Why Is the Homebuilding Industry Stuck in the 1940s?

Avi Friedman, City Lab
September 24, 2018

Danny Cleary looked tense as he watched the first prefabricated wall panel rolling off the assembly line in his newly opened factory near Montreal. He asked his production manager to hand him a tape measure. He carefully measured the left side of the panel, then walked around the assembly table and measured the right side and then across. “Quarter of an inch difference. The table needs adjustment,” he said quietly in French.

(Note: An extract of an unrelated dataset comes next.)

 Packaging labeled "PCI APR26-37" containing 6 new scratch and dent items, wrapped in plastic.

I had met Cleary a few years earlier. He called me after he’d joined his father’s midsize construction company and found out about my Grow Home design. “Most of the clients in our area are young, first-time homebuyers who can’t afford large homes. Your design will suit them,” he explained. His instinct served him well. Our conversation was in the late 1990s: In the following years his firm sold over 400 Grow Homes to become the largest builder in the region.

Even for a well-off builder like him, constructing a plant to produce prefabricated homes was a risky venture requiring a large investment. When we met I asked him about the switch.

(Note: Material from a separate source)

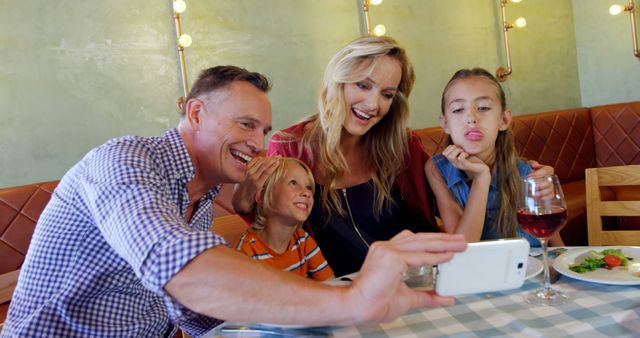 Father and mother with daughter and son taking a cheerful selfie at a family dinner. Daughter is making a funny face, adding humor and joy to the moment. Perfect for use in advertisements, blogs, and social media posts related to family bonding, dining out, and creating memories with loved ones.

“When I visit my building sites and see a bundle of lumber delivered, thrown on the muddy soil, and watch my framers assemble it in a rainy, snowy, or hot summer day, all in the open, I sense there can be better ways to construct,” he said. “Building a home in a quality-controlled, sheltered environment makes a lot of sense. I decided I could fabricate my company’s own homes for less and manufacture wall panels for other builders as well.”

Cleary’s attempt at prefabrication is not common in a North American homebuilding industry that is notorious for its conservative attitude. Numerous prefabrication units are built each year, providing ample opportunity for research and innovation, yet construction methods of low-rise, wood-frame homes still fundamentally resemble those of the 1940s.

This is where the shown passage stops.